ENTRIES SHOWN below:

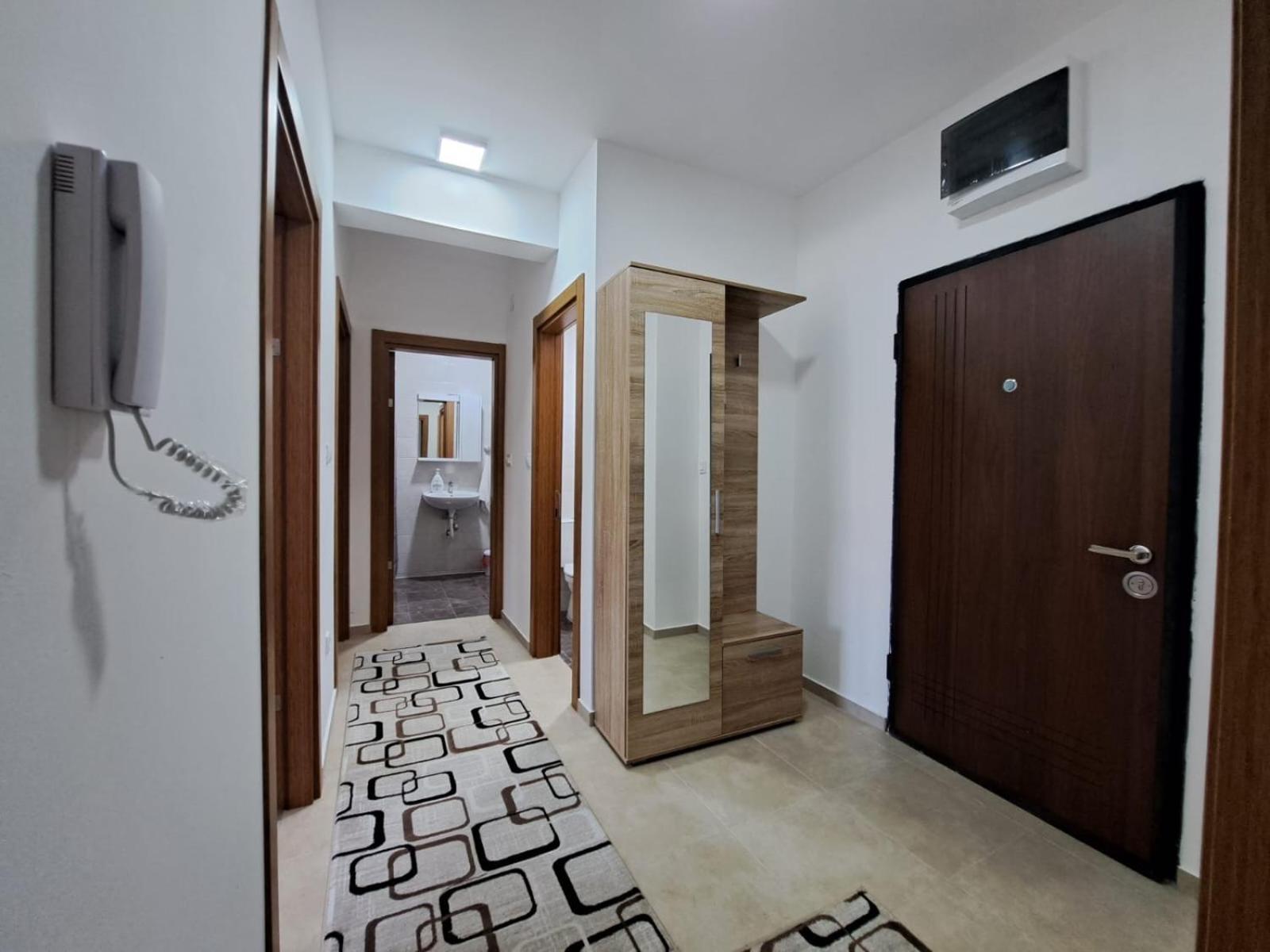Apartment Gruda *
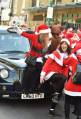 Тысячи разнополых «Санта - Клаусов» вышли на улицы Вуллонгонга, Лондона и Нью - Йорка + зомби вечеринка в Австралии (Видео) 126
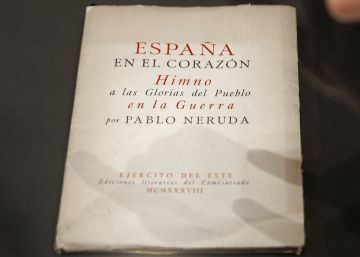 El libro que los soldados republicanos hicieron en Montserrat con vendajes, banderas y camisas El libro que los soldados republicanos hicieron en Montserrat con vendajes, banderas y camisas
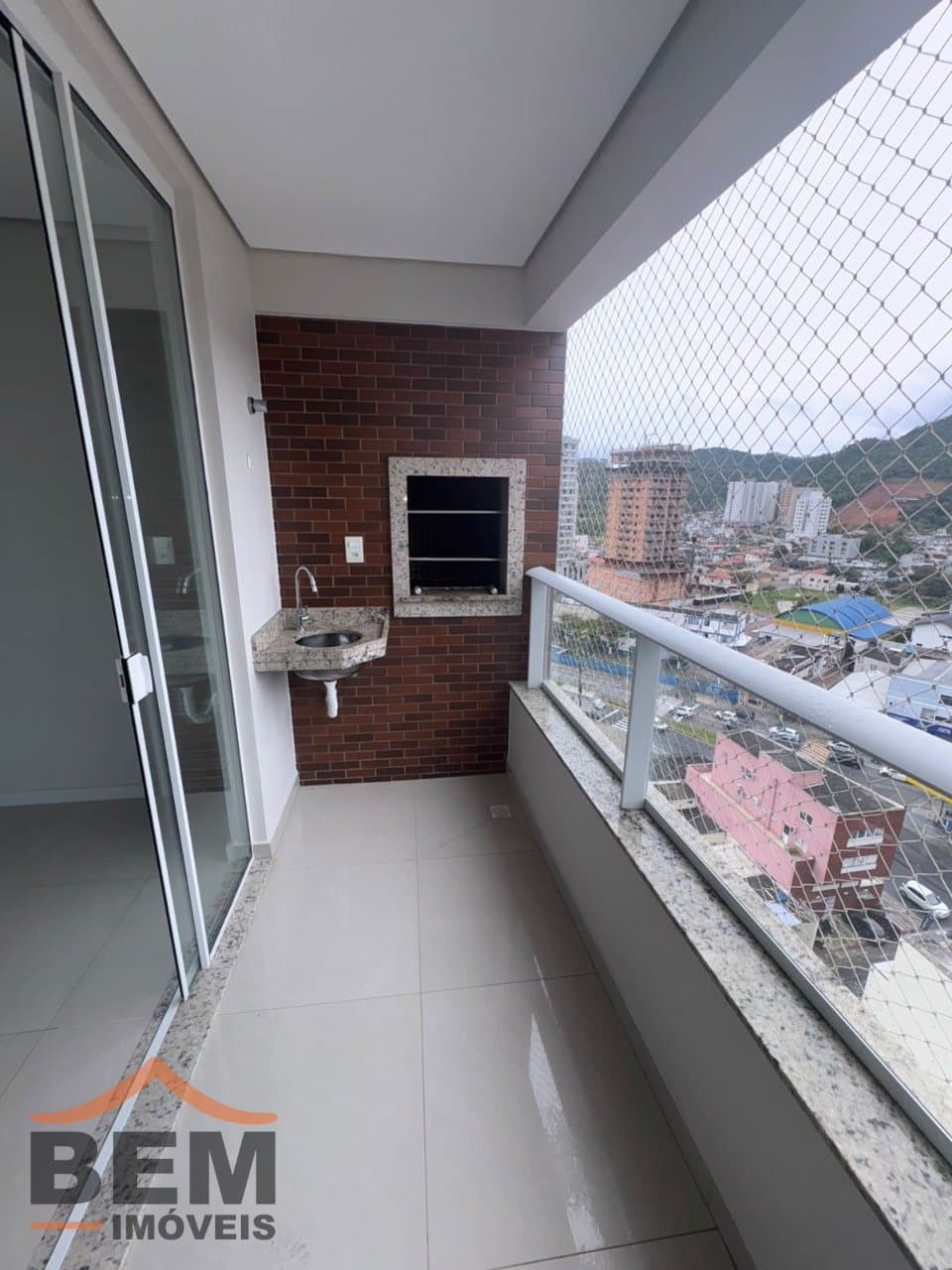 Apartamento para Locação com 2 quartos e 85m² no bairro Fazenda, em Itajaí - SC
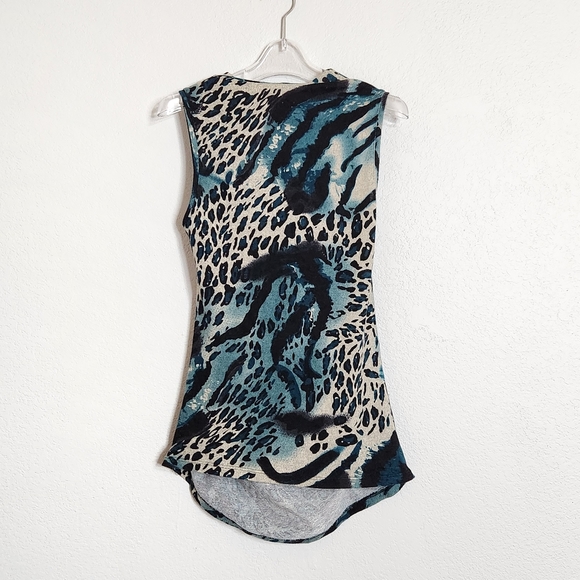 W118 Walter Baker Hi Low Knit Material Tunic Animal Print Teal Top Draped Neck - Picture 6 of 8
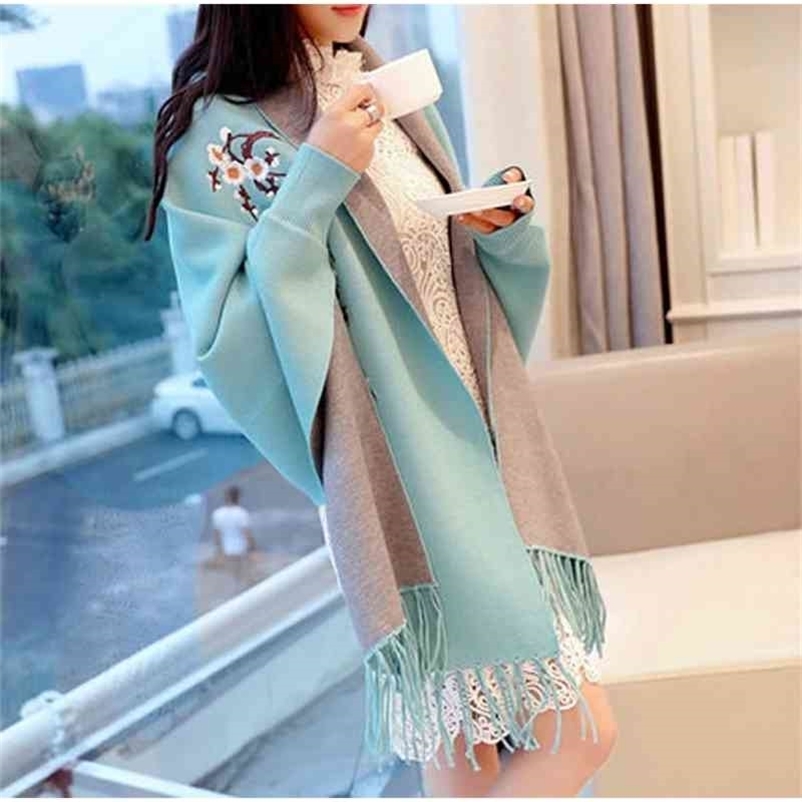 Warp Sweater Women Spring Autumn Fashion Flower Embroidery Elegant Ladies Knitted Tassels Swing Sweaters Invierno 210602
Warp Sweater Women Spring Autumn Fashion Flower Embroidery Elegant Ladies Knitted Tassels Swing Sweaters Invierno 210602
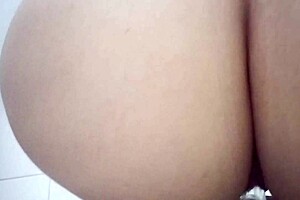 Grabé a mi jefa en el baño de la oficina con una cámara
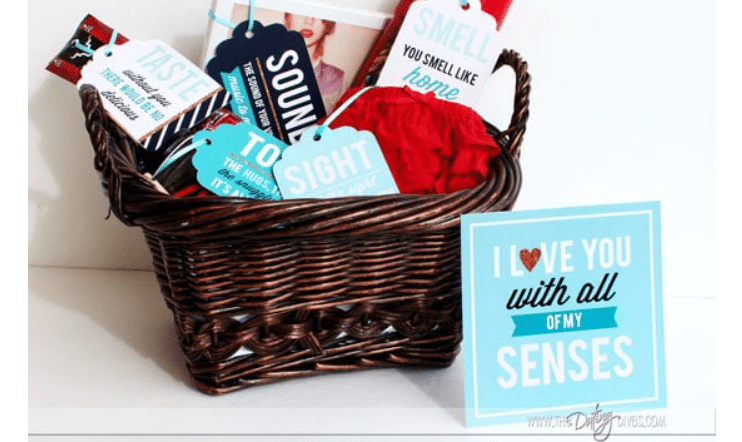 18 Easy & DIY Valentine's Day Gift Baskets To Surprise Your Loved On…  Diy  valentines day gifts for him, Valentine's day gift baskets, Diy valentines  gifts for him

End of ENTRIES SHOWN.

WHAT IS REQUIRED
Set down the entries above word for word, but drop any image.

ANSWER TO THIS TASK
Apartment Gruda *
 Тысячи разнополых «Санта - Клаусов» вышли на улицы Вуллонгонга, Лондона и Нью - Йорка + зомби вечеринка в Австралии (Видео) 126
 El libro que los soldados republicanos hicieron en Montserrat con vendajes, banderas y camisas El libro que los soldados republicanos hicieron en Montserrat con vendajes, banderas y camisas
 Apartamento para Locação com 2 quartos e 85m² no bairro Fazenda, em Itajaí - SC
 W118 Walter Baker Hi Low Knit Material Tunic Animal Print Teal Top Draped Neck - Picture 6 of 8
 Warp Sweater Women Spring Autumn Fashion Flower Embroidery Elegant Ladies Knitted Tassels Swing Sweaters Invierno 210602
Warp Sweater Women Spring Autumn Fashion Flower Embroidery Elegant Ladies Knitted Tassels Swing Sweaters Invierno 210602
 Grabé a mi jefa en el baño de la oficina con una cámara
 18 Easy & DIY Valentine's Day Gift Baskets To Surprise Your Loved On…  Diy  valentines day gifts for him, Valentine's day gift baskets, Diy valentines  gifts for him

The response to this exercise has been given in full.